However, those are not the only reasons why retirement plans can be valuable. Retirement plan tax credits can add another advantage for both individual employees and businesses. Lowering tax exposure through these credits leads to more net income.

Getting the most out of a retirement plan is simply in your best interest. If you, or your business, already participates in a retirement plan, it only makes sense to maximize the benefits it offers.

Let’s go into more detail about retirement plan tax credits for businesses and individuals.

A sticky note reading “tax credits” sits on a calculator on a desk.

Retirement Plan Tax Credits for Businesses

Employers have many options for offering retirement plans to their employees.
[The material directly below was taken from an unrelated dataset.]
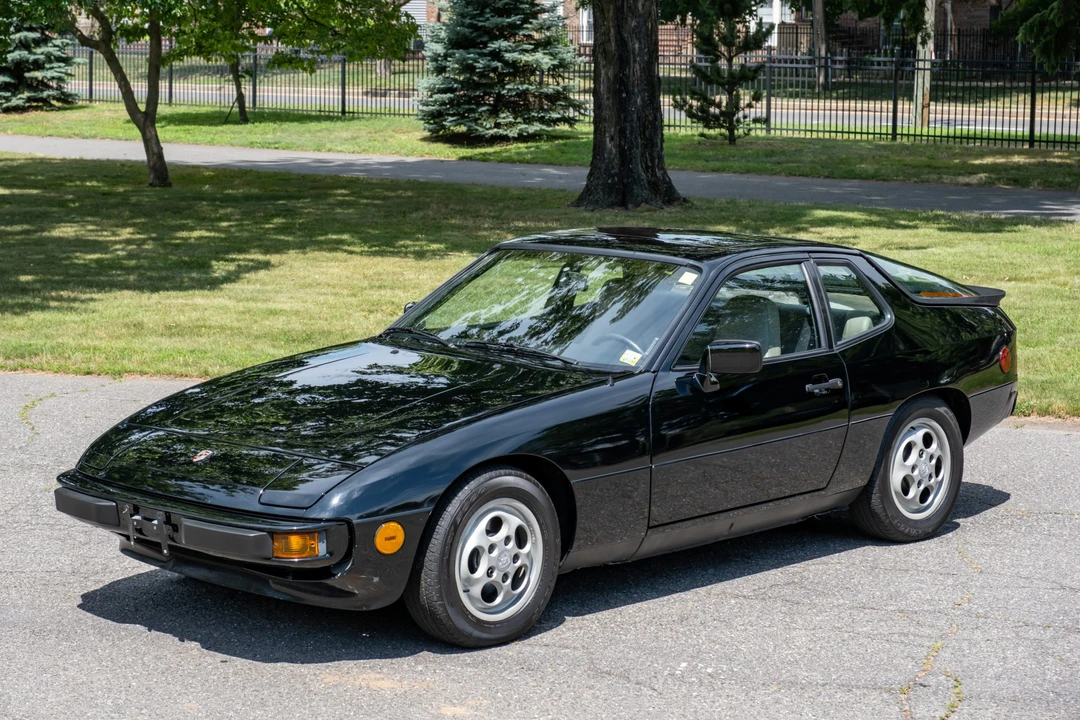 1987 Porsche 924 S - Image 2 of 31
Examples include, but are not limited to:

  • Simplified Employee Pension plan Individual Retirement Accounts (SEP-IRAs)
  • 401(k) plans
  • Simple IRAs

These plans help employees save for retirement, and many allow the business to offer additional contributions. They can also provide valuable tax credits.

When discussing the benefits of retirement plans, it’s important to acknowledge the following advantages. If your business qualifies, you can receive a $5,000 yearly tax credit for three years if you start a retirement plan.You can visit the IRS website to see if your business qualifies.

Offering retirement plans can help attract higher-level employees and retain staff across the organization. By providing this benefit, business owners can better align with employee expectations. They also support the long-term financial security of their staff.

That said, there are also key tax benefits that can come from offering retirement plans to employees.

As a business owner, offering a traditional 401(k) can give you an option to save for your own retirement. Unfortunately, this need is very easy to overlook amidst all the responsibilities of owning and running a business.

Each contribution reduces your current tax liability by lowering your adjusted gross income, as Investopedia details. This 401(k) plan tax credit could mean moving into a lower tax bracket, meaning less taxable income overall.

IRA contributions can also be used as tax deductions. However, this may be reduced or eliminated based on your modified adjusted gross income.

For your business itself, offering such plans can also provide small business retirement plan tax credits. Examples include, but are not limited to:

SECURE Act 2.0 Tax Credits

Sometimes referred to as just SECURE 2.0 tax credits, this act is an update of federal law. It extends tax credits to smaller employers with a limited number of employees. Paychex explains that SECURE Act 2.0 small business tax credits include:

  • Companies with 50 or fewer employees are eligible for a credit. Specifically, this credit covers the total cost of administrative work for establishing a retirement plan for staff.
  • Companies with 51 to 100 employees can receive a tax credit of 50% of that same administrative cost.
  • All companies with 51 to 100 employees can earn a tax credit for employee-matching and profit-sharing contributions. These credits are time-limited to a five-year period. They are also reduced for companies with 51-100 employees.

Retirement Plan Tax Credits for Individuals

Finding opportunities to reduce your taxable income is a straightforward way to decrease tax exposure. There are a wide variety of strategies to consider. Examples include tax-loss harvesting, investing in municipal bonds, and contributing to a health savings account (HSA). Those are just a few possibilities.

As an individual, you can use your retirement plan to support two key goals:

  • Build long-term financial security that supports you after you leave the workforce.
  • Reducing your exposure to taxes, both now and in the future. 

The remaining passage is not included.